"""

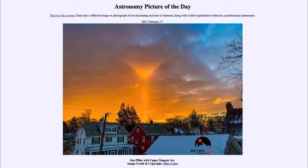Greetings and welcome to the introduction to astronomy. One of the things that I like to do in each of my introductory astronomy classes is to begin the class with the astronomy picture of the day from the NASA website, that is apod.nasa.gov/apod.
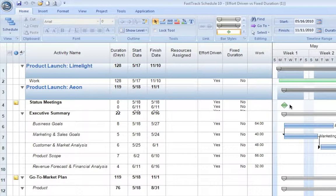If we double the number of resources, so we assign two resources to that task, it will still take a total of eight hours to finish. However, because the resources can work at the same time, they'll each work four hours, which means it will actually cut the duration in half to half of a day.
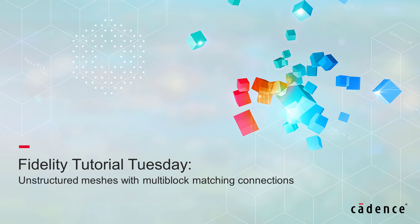Welcome to Cadence Design Systems' Fidelity Tutorial Tuesday, where we show you how to use our fully integrated environment, Fidelity, in short videos of a few minutes.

"""

▸ About this task
In your reply, every line of the material should appear exactly as written, and no picture should.

▸ Exercise solution
Greetings and welcome to the introduction to astronomy. One of the things that I like to do in each of my introductory astronomy classes is to begin the class with the astronomy picture of the day from the NASA website, that is apod.nasa.gov/apod.
If we double the number of resources, so we assign two resources to that task, it will still take a total of eight hours to finish. However, because the resources can work at the same time, they'll each work four hours, which means it will actually cut the duration in half to half of a day.
Welcome to Cadence Design Systems' Fidelity Tutorial Tuesday, where we show you how to use our fully integrated environment, Fidelity, in short videos of a few minutes.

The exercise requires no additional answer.